US law gives whistleblower £2.2m reward for sparking investigation into contract inflation.

Less than a week after being told it must pay out £10m for its part in the Hatfield rail crash Balfour Beatty has been fined in a US court for overcharging American rail firm Amtrak. Balfour Beatty, the Massachusetts Electric Construction Company and a number of other US firms have been fined a total of £14m for inflating the costs of installing an overhead system to provide electricity to trains on part of the network known as the Northeast Corridor.

Assistant Attorney General Peter Keisler said: “this settlement sends a clear message that the Justice Department will investigate and resolve financial fraud perpetrated by contractors of federal grantees.”

Ian Cartwright, the former Balfour Beatty employee who blew the whistle on the company, has been awarded £2.2m - under US law whistleblowers are given a proportion of the fines levied against companies under the False Claims Act.
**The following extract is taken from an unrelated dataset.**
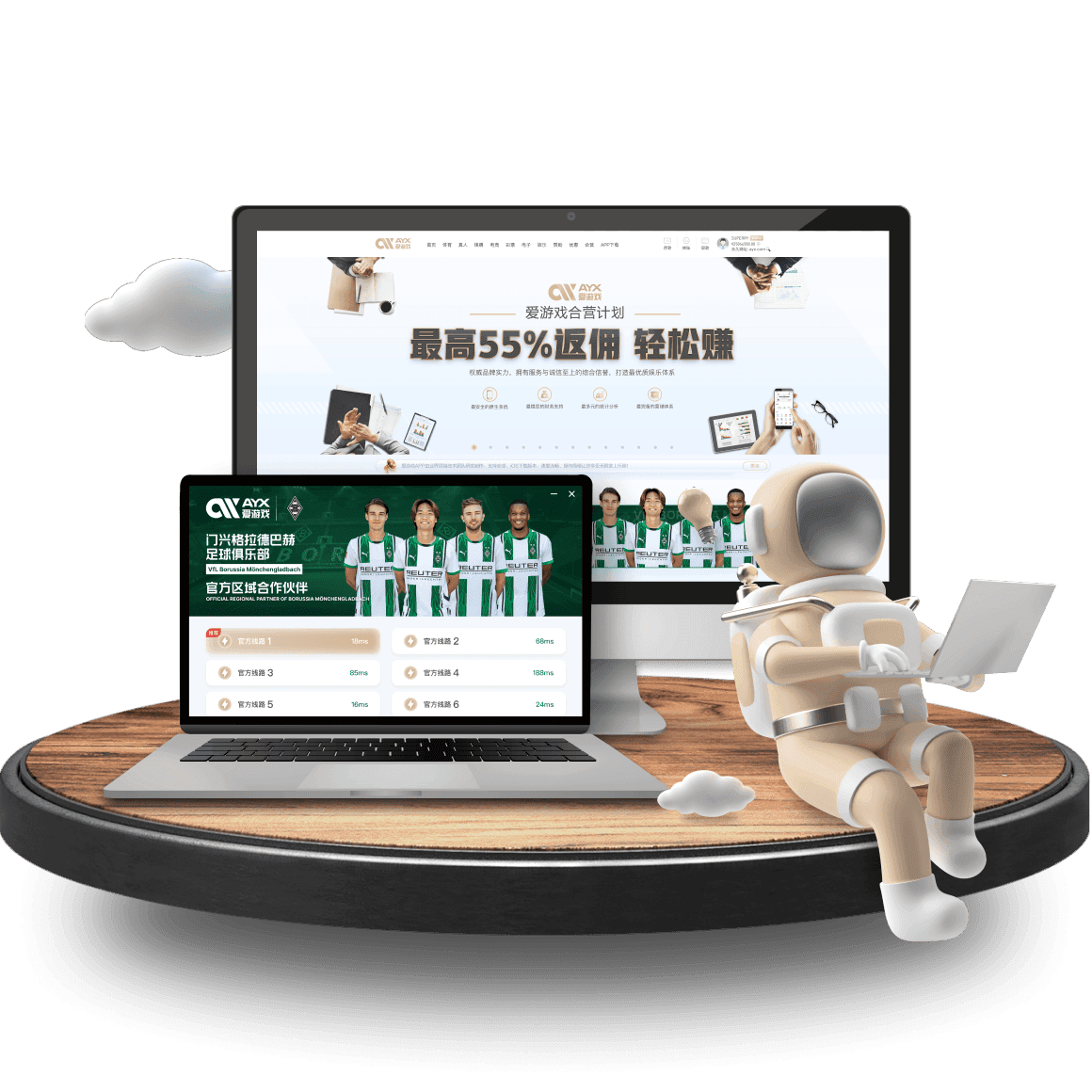 爱游戏（ayx）| 爱游戏体育官方网站 - AYX SPORTS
Attorney Kevin J. O’Connor said that the provision gave a “powerful financial incentive” to employees who might otherwise be too intimidated to come forward with their suspicions.

The case was settled after a lengthy investigation by the Justice Department, the FBI and Amtrak’s Office of Inspector General. But despite being fined for the second time in less than seven days, Balfour Beatty appeared unabashed, describing the settlement as amicable and denying any wrong-doing. It said that it brought closure to the dispute and was “the appropriate course of action”.